> [REQUIRED ACTION] Leave out the pictures and print the rest of the entries exactly as they stand.

> [EXCERPTED DATA]
=======

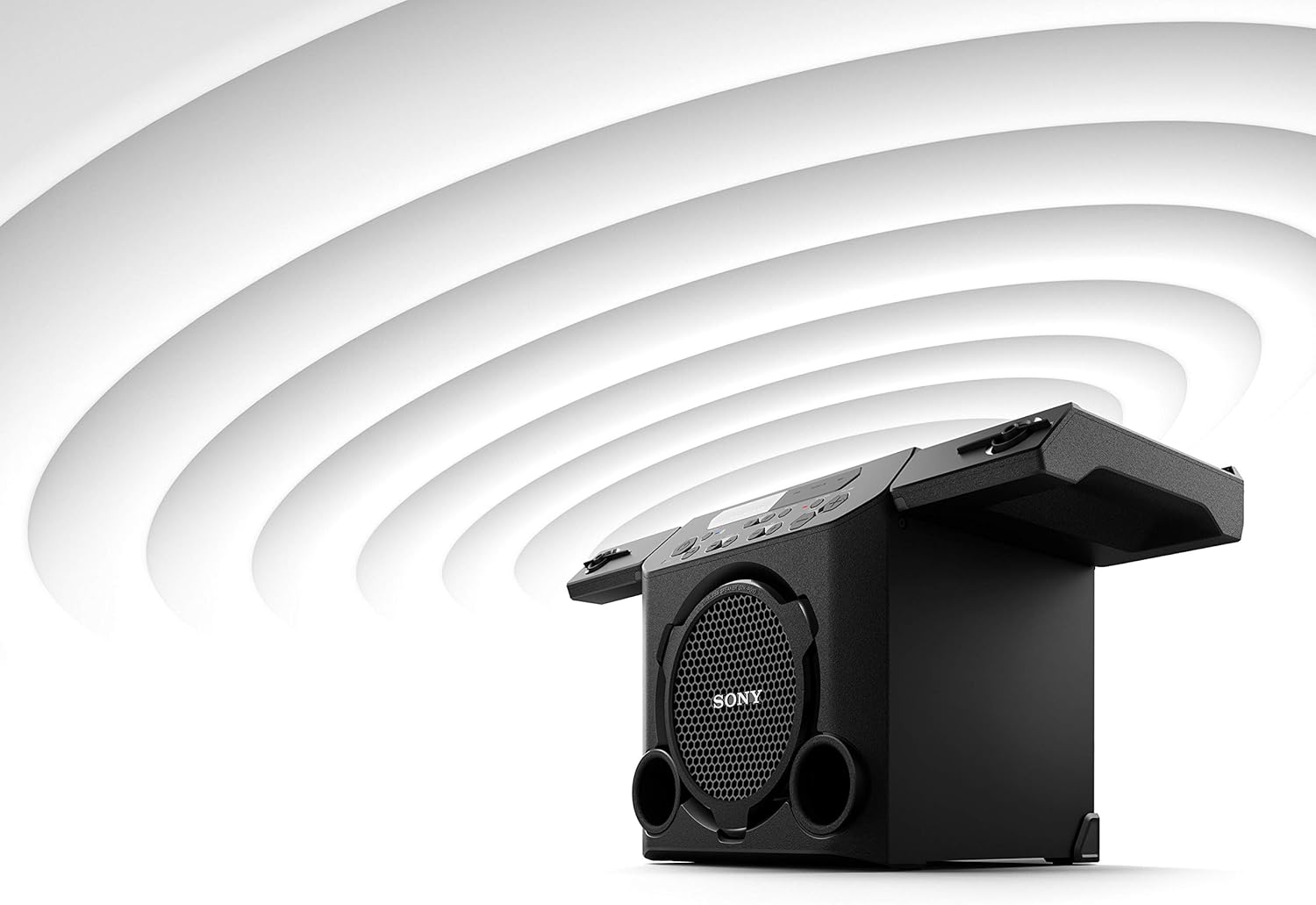 sony portable stereo system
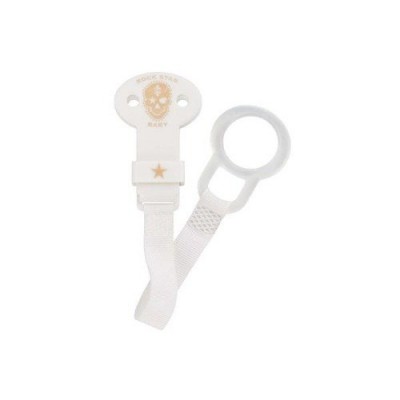 Miniaturka artykułu - Rock Star Baby Zawieszka do smoczka ZŁOTY PIRAT 90053 - 1 sztuka 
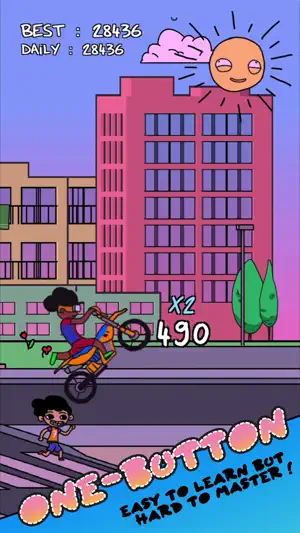 Summer Wheelie screenshot 4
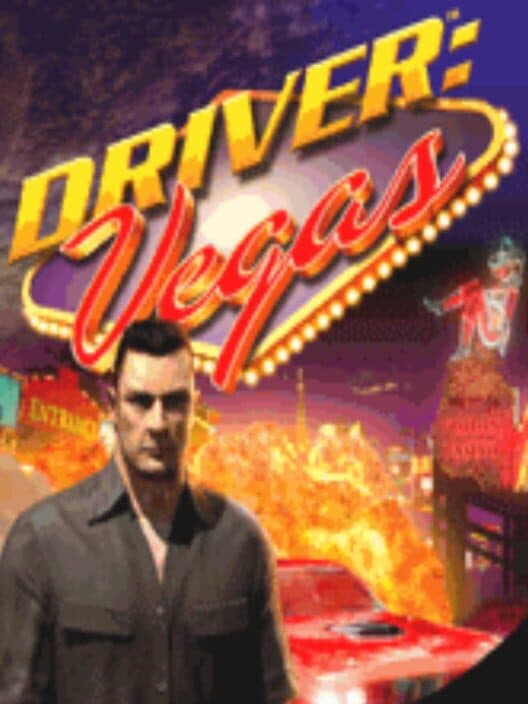 Driver: Vegas cover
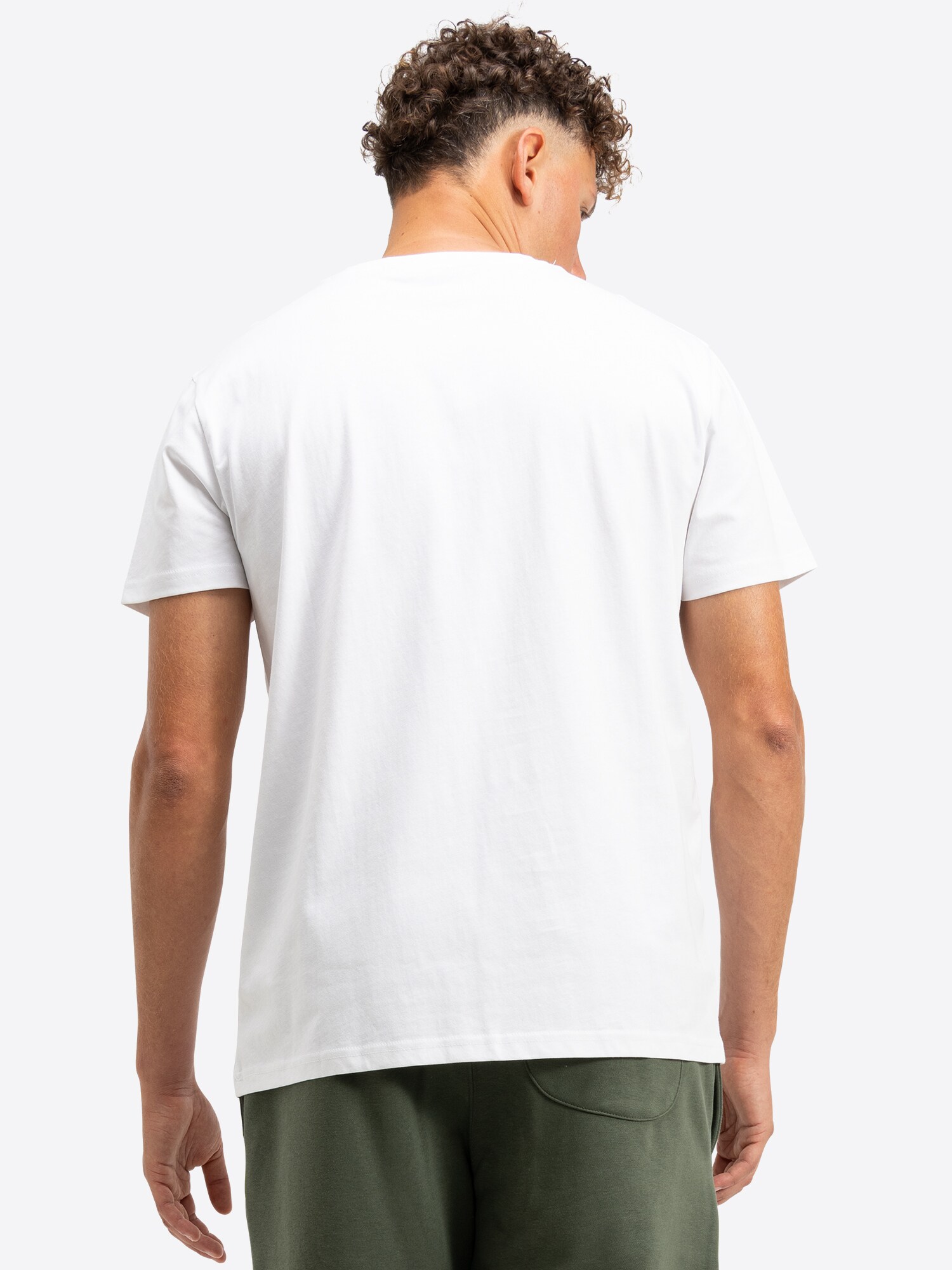 Lonsdale Herren T-Shirt normale Passform Doppelpack BLAIRMORE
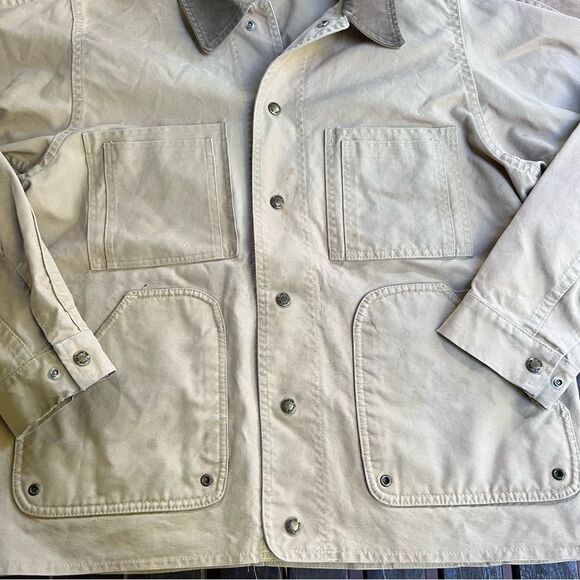 (Sold) Vintage Filson Dry Tin Work Jacket (L) (Made in USA 🇺🇸) - Picture 3 of 9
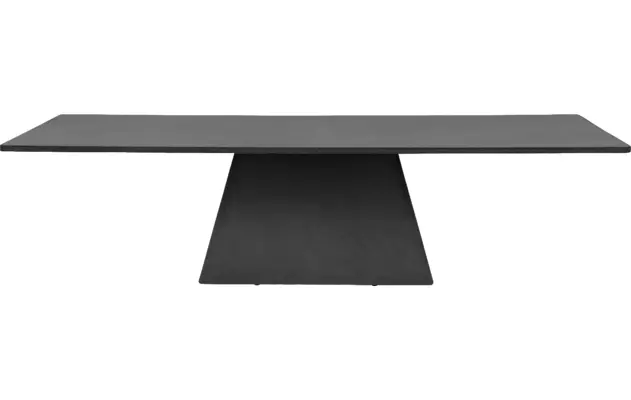 Goossens eettafel stone grijs beton - 8230231-01
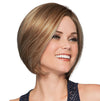 GABOR Opulence Chin-Length Modern Page Wig by Hairuwear, Large Cap, GL15-26SS Buttered Toast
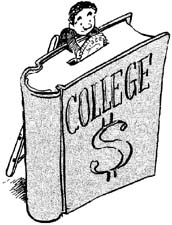college education clipart black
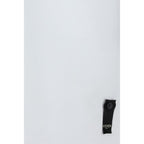 Fendi White Cotton T-Shirt Fendi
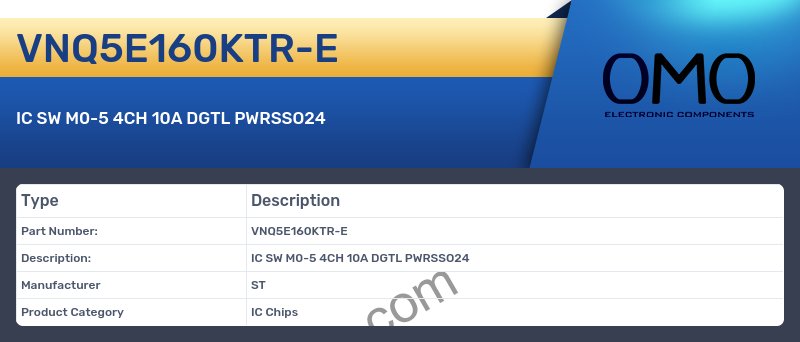 VNQ5E160KTR-E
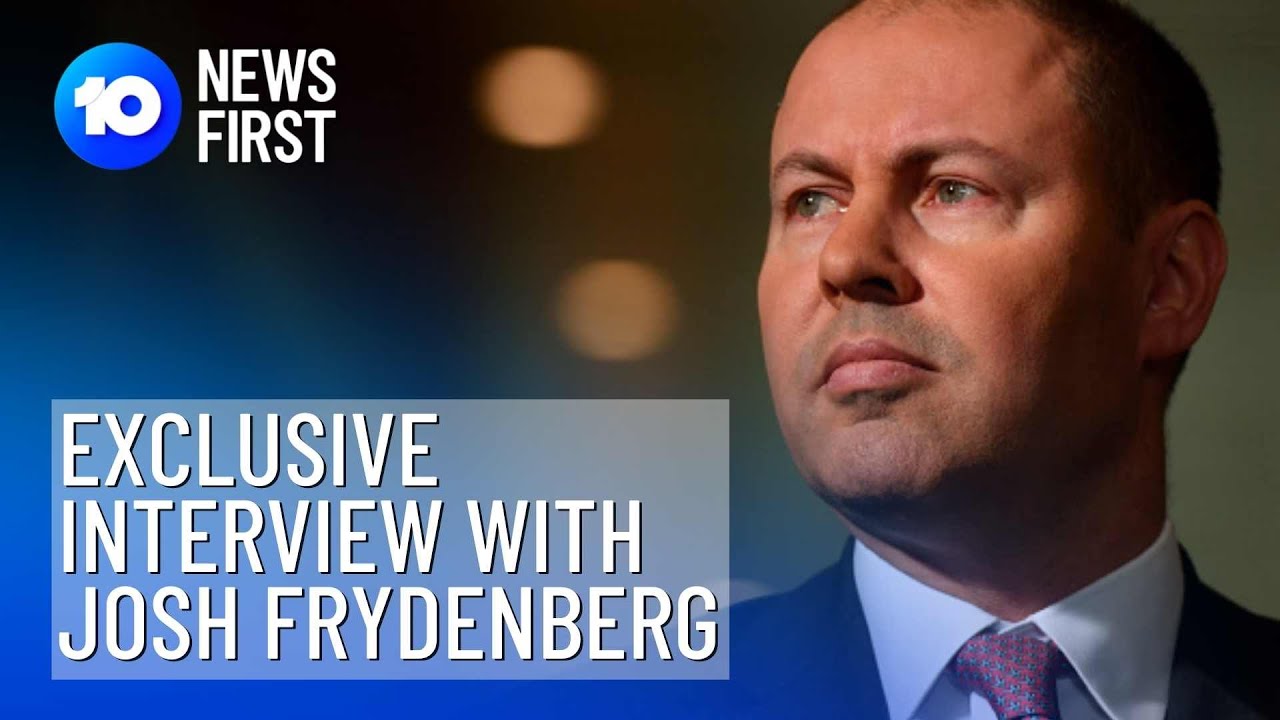 EXCLUSIVE: Treasurer Josh Frydenberg Shares His Recession Recovery Plan | 10 News First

=======

> [WRITTEN RESPONSE]
 sony portable stereo system
 Miniaturka artykułu - Rock Star Baby Zawieszka do smoczka ZŁOTY PIRAT 90053 - 1 sztuka 
 Summer Wheelie screenshot 4
 Driver: Vegas cover
 Lonsdale Herren T-Shirt normale Passform Doppelpack BLAIRMORE
 (Sold) Vintage Filson Dry Tin Work Jacket (L) (Made in USA 🇺🇸) - Picture 3 of 9
 Goossens eettafel stone grijs beton - 8230231-01
 GABOR Opulence Chin-Length Modern Page Wig by Hairuwear, Large Cap, GL15-26SS Buttered Toast
college education clipart black
 Fendi White Cotton T-Shirt Fendi
 VNQ5E160KTR-E
 EXCLUSIVE: Treasurer Josh Frydenberg Shares His Recession Recovery Plan | 10 News First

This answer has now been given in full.